— Exercise brief —
Set down exactly the lines below between the line holding "Srebrny Używany 2014" and the line holding "2020 Toyota CAMRY SX GSV70R", inclusive; no other line belongs in the answer.

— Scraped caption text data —
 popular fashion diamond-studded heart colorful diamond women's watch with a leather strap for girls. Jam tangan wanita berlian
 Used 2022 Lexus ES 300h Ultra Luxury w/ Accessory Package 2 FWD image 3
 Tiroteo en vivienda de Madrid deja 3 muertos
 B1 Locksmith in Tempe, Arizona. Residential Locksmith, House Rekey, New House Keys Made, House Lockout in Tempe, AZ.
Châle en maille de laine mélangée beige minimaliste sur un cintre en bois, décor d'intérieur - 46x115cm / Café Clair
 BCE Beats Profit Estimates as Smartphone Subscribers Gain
...
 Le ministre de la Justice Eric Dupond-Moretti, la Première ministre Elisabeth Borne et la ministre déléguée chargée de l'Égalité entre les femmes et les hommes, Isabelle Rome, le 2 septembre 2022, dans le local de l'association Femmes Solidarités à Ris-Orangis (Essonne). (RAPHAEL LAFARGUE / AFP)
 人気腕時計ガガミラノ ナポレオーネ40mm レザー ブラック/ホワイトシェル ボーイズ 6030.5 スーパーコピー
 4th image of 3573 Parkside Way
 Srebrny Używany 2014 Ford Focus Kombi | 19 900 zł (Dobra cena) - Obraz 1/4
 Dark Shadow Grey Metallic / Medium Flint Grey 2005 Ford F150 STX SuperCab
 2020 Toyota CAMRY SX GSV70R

— Exercise output —
 Srebrny Używany 2014 Ford Focus Kombi | 19 900 zł (Dobra cena) - Obraz 1/4
 Dark Shadow Grey Metallic / Medium Flint Grey 2005 Ford F150 STX SuperCab
 2020 Toyota CAMRY SX GSV70R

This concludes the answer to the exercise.